START Input material

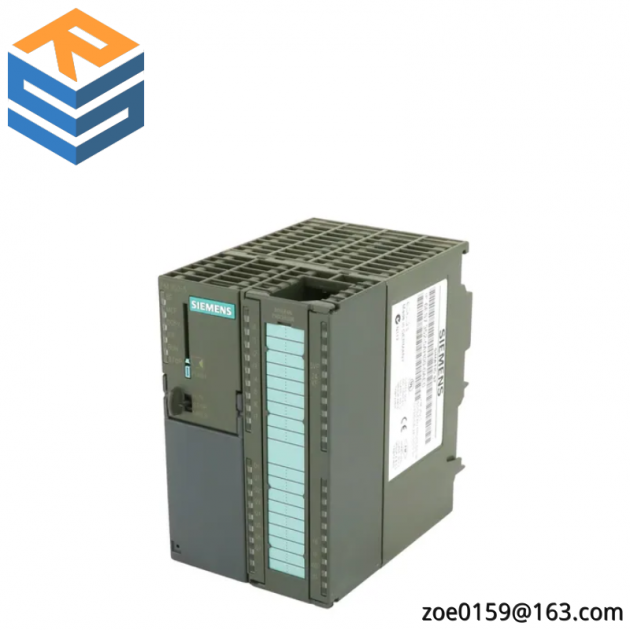SIEMENS 6ES7352-5AH00-0AE0 BOOLEAN PROCESSOR: High-Performance Computing Module for Industrial Automation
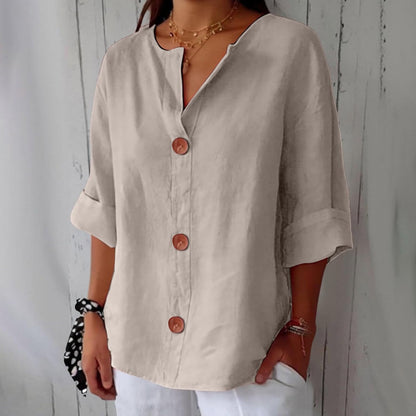 Alma - Bluse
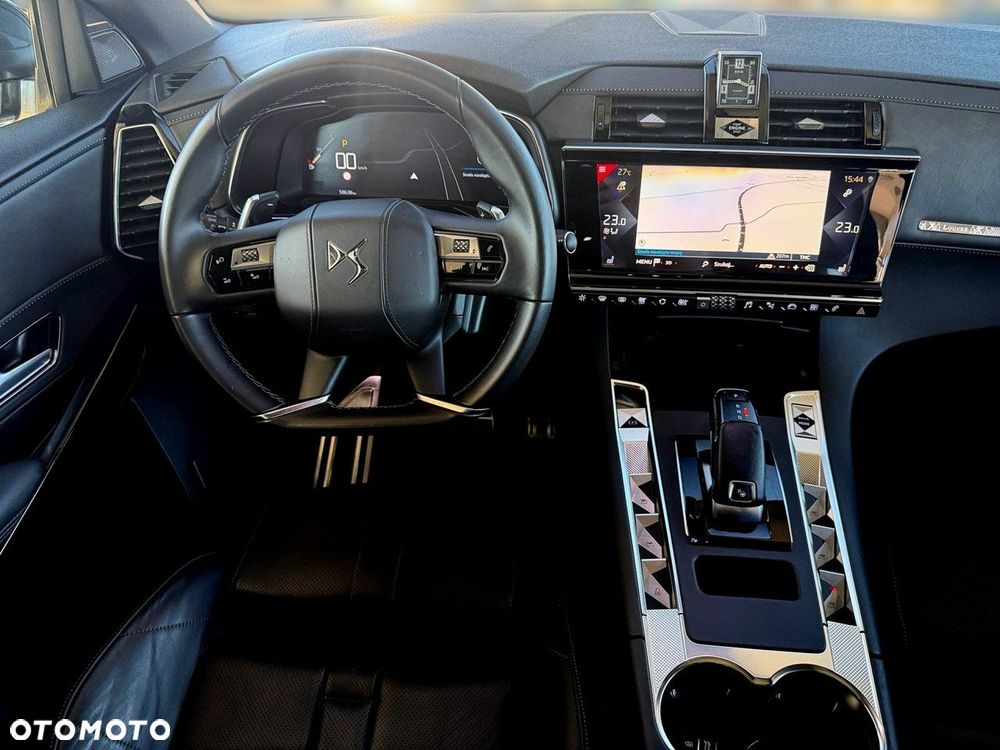 DS Automobiles DS 7 Crossback - 15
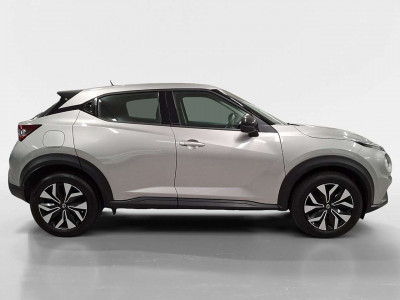 Nissan Juke Gebrauchtwagen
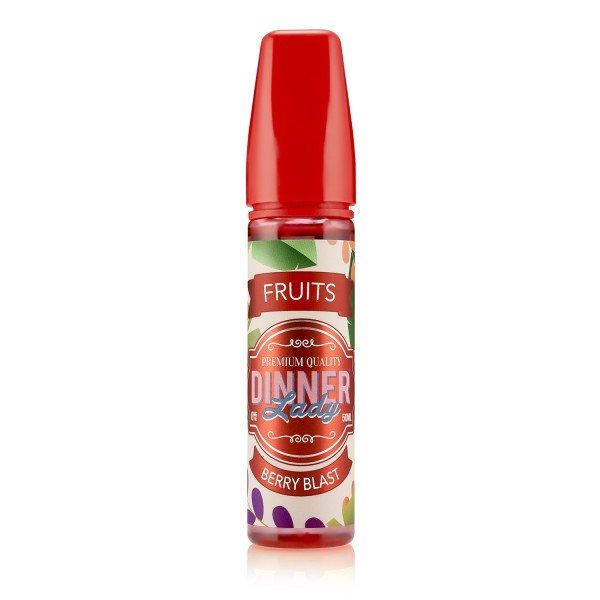 Berry Blast 50 ml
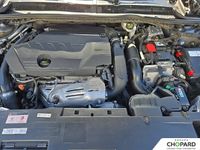 Peugeot 508 SW  hybrid 225 e-eat8 GT Pack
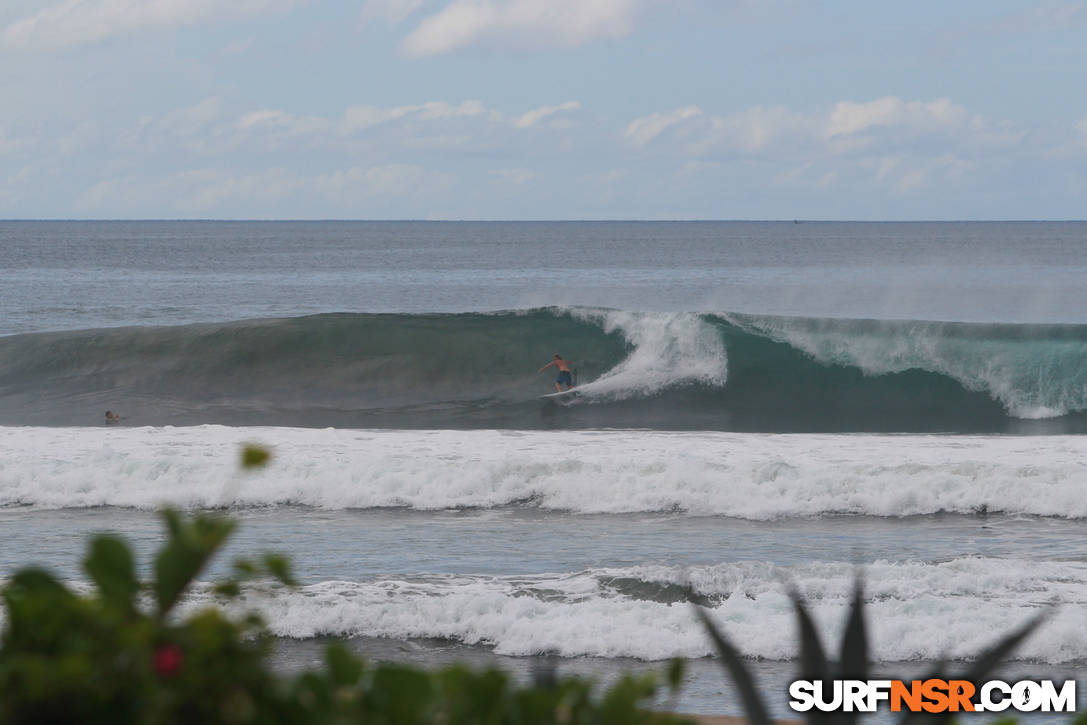 Nicaragua Surf Report - Report Photo 10/14/2016  1:37 PM 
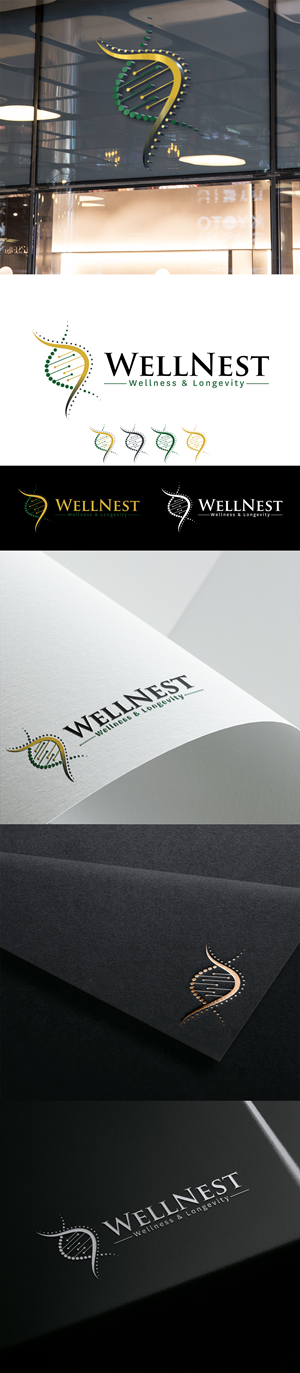 Logo Design by ScoreStriver for this project | Design: #35988522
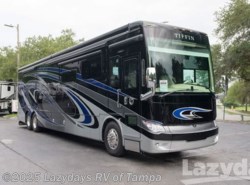New 2018 Tiffin Allegro Bus 45MP available in Seffner, Florida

END Input material

The answer is every line of the data, exactly as written, with the pictures dropped.

SIEMENS 6ES7352-5AH00-0AE0 BOOLEAN PROCESSOR: High-Performance Computing Module for Industrial Automation
 Alma - Bluse
 DS Automobiles DS 7 Crossback - 15
 Nissan Juke Gebrauchtwagen
 Berry Blast 50 ml
 Peugeot 508 SW  hybrid 225 e-eat8 GT Pack
 Nicaragua Surf Report - Report Photo 10/14/2016  1:37 PM 
 Logo Design by ScoreStriver for this project | Design: #35988522
New 2018 Tiffin Allegro Bus 45MP available in Seffner, Florida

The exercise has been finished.